GenSyntheticLogistic {L0Learn} | R Documentation |
Generate Logistic Synthetic Data
Description
Generates a synthetic dataset as follows: 1) Generate a data matrix, X, drawn from a multivariate Gaussian distribution with mean = 0, sigma = Sigma 2) Generate a vector B with k entries set to 1 and the rest are zeros. 3) Every coordinate yi of the outcome vector y exists in -1, 1^n is sampled independently from a Bernoulli distribution with success probability: P(yi = 1|xi) = 1/(1 + exp(-s<xi, B>)) Source https://arxiv.org/pdf/2001.06471.pdf Section 5.1 Data Generation
Usage
GenSyntheticLogistic(
n,
p,
k,
seed,
rho = 0,
s = 1,
sigma = NULL,
shuffle_B = FALSE
)
Arguments
n |
Number of samples |
p |
Number of features |
k |
Number of non-zeros in true vector of coefficients |
seed |
The seed used for randomly generating the data |
rho |
The threshold for setting values to 0. if |X(i, j)| > rho => X(i, j) <- 0 |
s |
Signal-to-noise parameter.
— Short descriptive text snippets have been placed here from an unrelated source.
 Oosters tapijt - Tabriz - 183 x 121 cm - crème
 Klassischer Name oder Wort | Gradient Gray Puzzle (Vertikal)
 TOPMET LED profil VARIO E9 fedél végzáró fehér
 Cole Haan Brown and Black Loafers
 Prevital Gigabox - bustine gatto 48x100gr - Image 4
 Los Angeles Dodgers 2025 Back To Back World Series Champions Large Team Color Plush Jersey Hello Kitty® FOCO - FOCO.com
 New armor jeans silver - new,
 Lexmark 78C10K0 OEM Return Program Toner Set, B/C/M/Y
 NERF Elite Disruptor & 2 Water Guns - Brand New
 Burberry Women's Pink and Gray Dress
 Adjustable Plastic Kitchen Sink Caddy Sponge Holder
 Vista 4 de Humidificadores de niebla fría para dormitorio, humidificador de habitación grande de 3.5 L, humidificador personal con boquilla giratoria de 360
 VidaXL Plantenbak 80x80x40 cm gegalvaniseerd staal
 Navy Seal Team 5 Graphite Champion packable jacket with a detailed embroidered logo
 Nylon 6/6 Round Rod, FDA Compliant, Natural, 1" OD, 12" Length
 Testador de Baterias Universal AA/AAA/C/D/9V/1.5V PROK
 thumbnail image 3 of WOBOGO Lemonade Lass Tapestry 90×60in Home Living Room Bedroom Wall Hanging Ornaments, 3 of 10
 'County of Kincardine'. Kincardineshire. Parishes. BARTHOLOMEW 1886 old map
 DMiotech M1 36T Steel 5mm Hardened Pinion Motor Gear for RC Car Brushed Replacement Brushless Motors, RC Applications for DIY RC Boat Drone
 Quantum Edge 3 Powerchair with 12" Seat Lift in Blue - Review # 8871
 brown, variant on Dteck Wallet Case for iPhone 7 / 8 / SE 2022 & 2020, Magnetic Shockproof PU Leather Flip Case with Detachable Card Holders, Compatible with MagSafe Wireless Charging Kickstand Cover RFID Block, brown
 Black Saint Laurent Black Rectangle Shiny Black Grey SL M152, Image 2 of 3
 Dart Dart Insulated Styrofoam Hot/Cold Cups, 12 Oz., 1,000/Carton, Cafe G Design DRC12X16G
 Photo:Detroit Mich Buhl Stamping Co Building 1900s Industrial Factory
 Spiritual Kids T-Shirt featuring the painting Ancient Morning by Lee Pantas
As s -> +Inf, the data generated becomes linearly separable. |
sigma |
Correlation matrix, defaults to I. |
shuffle_B |
A boolean flag for whether or not to randomly shuffle the Beta vector, B. If FALSE, the first k entries in B are set to 1. |
Value
A list containing: the data matrix X, the response vector y, the coefficients B.